7. CONFIDENTIAL INFORMATION

 

7.1 Treatment of Information. No information furnished by Rocky Mountain to Mojave hereunder in respect of the activities carried out on the Property by Rocky Mountain, or related to the sale of product derived from the Property, will be published by Mojave without the written consent of Rocky Mountain, but such consent in respect of the reporting of factual data will not be unreasonably withheld, and will not be withheld in respect of information required to be publicly disclosed pursuant to applicable securities or corporation laws.

 

8. ARBITRATION

 

8.1 Matters for Referral to Arbitration.
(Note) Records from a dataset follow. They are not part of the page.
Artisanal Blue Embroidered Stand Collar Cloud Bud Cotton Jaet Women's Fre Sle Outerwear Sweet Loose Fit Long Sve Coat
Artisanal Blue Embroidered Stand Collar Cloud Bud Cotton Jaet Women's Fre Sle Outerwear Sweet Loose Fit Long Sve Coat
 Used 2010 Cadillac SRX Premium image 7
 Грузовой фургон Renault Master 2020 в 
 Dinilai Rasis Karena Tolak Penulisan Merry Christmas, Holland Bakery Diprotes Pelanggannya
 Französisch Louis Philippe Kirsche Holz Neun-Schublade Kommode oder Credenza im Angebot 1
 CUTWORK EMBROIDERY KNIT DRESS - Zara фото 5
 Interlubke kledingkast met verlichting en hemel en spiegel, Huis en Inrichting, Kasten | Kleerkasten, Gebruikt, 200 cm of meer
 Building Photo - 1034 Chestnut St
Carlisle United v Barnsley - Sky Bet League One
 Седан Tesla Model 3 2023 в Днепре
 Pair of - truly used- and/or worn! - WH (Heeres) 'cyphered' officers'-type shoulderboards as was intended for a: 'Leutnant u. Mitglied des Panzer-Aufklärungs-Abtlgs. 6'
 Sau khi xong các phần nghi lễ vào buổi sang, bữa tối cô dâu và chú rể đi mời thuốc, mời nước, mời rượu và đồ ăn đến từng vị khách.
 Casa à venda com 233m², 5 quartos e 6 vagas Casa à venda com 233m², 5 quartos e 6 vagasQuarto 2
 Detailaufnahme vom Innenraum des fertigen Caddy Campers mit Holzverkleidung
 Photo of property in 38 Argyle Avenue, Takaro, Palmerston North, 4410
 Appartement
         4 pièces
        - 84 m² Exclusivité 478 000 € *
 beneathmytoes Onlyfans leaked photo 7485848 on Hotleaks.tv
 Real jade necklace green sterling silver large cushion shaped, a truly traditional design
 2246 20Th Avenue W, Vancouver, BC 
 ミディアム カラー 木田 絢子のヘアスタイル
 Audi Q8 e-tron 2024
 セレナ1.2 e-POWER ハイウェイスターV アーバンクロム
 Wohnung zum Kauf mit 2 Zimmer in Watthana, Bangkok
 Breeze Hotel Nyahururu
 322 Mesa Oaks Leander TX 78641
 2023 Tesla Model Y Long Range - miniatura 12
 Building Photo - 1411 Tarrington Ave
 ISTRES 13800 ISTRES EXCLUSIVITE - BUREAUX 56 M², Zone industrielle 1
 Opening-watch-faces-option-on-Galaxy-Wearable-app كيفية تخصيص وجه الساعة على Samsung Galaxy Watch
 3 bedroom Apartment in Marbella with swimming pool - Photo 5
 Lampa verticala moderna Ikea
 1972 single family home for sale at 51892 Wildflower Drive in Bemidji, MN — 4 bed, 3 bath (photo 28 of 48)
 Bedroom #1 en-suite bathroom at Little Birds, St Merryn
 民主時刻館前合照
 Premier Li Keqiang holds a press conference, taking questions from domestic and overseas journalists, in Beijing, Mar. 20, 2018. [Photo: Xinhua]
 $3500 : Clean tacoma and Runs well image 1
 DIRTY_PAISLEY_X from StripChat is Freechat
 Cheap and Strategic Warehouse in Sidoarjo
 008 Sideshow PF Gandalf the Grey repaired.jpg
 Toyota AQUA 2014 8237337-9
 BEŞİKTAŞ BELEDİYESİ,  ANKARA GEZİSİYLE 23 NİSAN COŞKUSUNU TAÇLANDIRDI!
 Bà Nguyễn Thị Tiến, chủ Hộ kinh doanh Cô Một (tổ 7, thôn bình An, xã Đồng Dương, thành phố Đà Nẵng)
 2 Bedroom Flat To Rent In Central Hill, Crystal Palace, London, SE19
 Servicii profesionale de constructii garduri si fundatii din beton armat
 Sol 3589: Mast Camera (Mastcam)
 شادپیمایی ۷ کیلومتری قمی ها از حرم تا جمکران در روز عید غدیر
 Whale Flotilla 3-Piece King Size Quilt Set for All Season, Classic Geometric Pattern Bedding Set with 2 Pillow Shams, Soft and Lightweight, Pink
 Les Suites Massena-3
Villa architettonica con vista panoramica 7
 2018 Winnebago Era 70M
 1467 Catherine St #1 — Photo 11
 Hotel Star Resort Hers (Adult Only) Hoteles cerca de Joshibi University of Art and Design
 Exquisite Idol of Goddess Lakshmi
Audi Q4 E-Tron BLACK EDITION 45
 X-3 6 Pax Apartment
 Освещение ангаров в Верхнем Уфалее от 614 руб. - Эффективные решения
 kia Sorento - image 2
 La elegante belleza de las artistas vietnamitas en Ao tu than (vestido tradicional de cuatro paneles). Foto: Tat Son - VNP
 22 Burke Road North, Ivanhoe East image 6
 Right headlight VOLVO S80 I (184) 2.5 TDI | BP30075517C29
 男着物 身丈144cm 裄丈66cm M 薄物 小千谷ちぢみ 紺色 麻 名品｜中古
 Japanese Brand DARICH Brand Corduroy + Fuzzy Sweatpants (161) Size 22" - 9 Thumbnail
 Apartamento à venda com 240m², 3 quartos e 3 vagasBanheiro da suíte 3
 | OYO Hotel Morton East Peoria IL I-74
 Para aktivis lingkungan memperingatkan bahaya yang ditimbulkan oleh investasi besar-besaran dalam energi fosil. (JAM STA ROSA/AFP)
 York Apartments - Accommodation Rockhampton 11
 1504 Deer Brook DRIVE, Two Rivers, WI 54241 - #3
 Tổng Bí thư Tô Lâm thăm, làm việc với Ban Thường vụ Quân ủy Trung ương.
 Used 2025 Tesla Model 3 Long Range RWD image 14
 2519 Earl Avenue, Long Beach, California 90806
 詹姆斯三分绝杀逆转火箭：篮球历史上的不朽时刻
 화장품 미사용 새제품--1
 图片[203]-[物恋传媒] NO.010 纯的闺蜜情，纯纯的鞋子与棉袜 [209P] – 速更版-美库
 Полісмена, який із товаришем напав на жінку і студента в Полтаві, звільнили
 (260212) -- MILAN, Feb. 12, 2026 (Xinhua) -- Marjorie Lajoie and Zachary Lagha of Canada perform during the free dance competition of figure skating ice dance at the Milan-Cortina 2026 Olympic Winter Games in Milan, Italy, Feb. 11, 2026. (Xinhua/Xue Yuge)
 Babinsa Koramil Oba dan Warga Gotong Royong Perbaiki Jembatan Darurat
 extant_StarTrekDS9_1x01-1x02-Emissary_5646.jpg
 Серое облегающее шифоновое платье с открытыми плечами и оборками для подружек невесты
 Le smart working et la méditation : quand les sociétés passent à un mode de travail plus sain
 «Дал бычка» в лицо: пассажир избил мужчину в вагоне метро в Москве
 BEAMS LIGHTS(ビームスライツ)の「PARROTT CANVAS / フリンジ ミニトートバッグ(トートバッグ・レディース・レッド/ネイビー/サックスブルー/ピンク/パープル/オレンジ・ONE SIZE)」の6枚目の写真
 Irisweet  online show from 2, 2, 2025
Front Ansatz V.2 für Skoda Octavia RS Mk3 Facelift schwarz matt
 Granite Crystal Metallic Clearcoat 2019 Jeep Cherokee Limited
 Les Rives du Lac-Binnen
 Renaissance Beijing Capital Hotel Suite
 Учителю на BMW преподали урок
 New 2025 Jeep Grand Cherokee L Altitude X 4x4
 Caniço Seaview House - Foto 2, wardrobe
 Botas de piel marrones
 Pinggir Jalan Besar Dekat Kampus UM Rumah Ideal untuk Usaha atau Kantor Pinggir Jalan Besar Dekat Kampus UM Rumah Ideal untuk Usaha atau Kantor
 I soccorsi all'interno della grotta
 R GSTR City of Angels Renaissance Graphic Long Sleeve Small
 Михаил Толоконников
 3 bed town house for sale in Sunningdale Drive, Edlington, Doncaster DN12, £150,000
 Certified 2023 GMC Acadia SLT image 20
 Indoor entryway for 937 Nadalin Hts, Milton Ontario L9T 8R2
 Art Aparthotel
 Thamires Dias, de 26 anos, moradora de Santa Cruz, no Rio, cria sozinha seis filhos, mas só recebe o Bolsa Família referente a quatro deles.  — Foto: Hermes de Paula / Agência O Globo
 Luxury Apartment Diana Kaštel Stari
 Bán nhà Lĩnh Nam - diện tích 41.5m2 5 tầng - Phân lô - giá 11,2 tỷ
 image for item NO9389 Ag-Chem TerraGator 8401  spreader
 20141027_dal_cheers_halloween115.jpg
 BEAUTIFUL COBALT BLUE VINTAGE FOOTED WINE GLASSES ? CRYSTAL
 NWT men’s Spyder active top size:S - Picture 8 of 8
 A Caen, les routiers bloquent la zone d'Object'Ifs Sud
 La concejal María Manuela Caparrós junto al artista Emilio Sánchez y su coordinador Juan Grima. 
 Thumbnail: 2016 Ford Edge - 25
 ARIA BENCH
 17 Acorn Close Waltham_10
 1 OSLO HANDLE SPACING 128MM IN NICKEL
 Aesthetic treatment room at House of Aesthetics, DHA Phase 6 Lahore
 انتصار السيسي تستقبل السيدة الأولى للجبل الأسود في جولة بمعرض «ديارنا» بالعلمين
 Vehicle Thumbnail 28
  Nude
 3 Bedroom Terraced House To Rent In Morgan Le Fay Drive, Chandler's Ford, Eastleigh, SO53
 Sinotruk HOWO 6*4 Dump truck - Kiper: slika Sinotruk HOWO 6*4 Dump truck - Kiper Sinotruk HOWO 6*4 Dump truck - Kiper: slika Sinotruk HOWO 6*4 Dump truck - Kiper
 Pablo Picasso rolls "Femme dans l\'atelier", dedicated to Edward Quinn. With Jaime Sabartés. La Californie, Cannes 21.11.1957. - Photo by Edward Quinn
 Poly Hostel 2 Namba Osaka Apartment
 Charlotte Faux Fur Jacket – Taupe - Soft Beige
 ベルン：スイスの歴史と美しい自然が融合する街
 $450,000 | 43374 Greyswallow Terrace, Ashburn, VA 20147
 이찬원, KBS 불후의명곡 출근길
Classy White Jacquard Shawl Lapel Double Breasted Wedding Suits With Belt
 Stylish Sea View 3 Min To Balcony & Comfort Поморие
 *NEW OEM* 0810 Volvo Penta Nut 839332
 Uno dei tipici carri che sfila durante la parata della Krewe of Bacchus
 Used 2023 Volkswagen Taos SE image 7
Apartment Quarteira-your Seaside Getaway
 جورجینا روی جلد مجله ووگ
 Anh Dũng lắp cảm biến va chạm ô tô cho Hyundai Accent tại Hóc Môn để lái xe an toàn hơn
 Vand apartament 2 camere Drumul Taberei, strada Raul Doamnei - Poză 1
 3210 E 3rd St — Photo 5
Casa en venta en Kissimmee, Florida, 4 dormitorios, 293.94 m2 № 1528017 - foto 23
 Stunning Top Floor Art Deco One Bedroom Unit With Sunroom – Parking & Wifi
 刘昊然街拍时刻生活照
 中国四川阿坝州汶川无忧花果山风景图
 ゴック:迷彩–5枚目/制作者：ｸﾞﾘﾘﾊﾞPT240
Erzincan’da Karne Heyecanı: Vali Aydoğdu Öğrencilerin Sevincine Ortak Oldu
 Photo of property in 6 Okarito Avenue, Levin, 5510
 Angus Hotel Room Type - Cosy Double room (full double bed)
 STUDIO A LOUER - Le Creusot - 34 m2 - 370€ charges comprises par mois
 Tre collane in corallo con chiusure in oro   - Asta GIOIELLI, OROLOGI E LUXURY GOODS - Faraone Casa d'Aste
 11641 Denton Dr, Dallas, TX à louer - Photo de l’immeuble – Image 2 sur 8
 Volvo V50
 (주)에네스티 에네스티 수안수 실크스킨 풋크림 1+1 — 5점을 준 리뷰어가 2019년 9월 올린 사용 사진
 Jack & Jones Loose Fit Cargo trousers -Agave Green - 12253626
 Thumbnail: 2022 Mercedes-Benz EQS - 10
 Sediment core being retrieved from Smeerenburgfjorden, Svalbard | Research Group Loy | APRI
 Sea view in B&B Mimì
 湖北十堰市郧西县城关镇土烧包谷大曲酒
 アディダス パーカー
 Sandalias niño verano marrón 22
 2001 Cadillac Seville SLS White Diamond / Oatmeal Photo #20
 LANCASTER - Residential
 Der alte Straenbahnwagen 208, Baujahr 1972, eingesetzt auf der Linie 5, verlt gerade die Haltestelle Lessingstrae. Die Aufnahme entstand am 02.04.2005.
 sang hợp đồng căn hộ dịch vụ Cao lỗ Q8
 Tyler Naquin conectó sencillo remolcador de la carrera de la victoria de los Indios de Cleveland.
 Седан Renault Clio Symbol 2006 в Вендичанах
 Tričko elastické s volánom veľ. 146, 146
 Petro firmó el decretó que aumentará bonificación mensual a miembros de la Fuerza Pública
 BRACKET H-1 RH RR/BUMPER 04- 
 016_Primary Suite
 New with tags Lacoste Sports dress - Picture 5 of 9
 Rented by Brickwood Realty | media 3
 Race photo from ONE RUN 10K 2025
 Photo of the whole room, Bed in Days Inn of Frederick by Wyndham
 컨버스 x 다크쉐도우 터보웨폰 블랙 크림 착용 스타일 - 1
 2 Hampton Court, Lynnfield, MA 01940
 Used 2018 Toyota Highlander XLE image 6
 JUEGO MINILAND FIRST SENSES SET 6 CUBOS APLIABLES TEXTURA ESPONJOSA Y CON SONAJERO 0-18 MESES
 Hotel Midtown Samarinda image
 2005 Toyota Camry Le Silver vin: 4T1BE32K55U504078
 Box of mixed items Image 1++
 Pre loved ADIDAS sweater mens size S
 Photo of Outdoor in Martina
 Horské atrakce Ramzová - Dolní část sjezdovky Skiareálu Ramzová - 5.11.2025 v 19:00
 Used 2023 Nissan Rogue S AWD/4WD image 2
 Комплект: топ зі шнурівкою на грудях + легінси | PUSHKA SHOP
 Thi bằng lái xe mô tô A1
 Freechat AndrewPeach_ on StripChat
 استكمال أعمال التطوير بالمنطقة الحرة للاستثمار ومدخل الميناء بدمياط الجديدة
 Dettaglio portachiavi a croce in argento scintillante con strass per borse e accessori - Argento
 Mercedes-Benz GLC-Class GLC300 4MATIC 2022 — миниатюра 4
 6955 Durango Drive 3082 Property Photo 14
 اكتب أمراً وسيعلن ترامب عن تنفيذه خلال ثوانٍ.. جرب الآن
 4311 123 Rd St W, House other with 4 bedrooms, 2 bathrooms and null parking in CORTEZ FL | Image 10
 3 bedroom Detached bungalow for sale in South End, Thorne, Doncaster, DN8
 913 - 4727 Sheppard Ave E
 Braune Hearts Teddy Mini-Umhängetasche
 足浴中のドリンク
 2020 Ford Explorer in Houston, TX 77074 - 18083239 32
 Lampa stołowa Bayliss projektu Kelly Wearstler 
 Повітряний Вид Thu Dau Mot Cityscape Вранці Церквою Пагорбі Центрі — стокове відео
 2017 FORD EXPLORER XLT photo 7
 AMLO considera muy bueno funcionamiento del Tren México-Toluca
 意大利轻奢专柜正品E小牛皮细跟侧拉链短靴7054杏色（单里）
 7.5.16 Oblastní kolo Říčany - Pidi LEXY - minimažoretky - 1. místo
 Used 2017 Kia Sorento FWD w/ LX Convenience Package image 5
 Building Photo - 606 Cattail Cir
All questions or matters in dispute with respect to the accounting of moneys expended by Rocky Mountain as provided herein, or with respect to the calculation of or amounts taken into account in the determination of Net Smelter Returns or other products sales and any share of the proceeds of the sale of Minerals or other products from the Property will be submitted to arbitration pursuant to the terms hereof.

 

8.2 Notice of Referral to Arbitration. It will be a condition precedent to the right of any party to submit any matter to arbitration pursuant to the provisions hereof, that any party intending to refer any matter to arbitration gives not less than 30 days’ prior written notice of its intention so to do to the other party together with particulars of the matter in dispute.

 

8.3 Expiry of Notice. On the expiration of such 30 days, the party who gave such notice may proceed to refer the dispute to arbitration as provided in Section 8.4.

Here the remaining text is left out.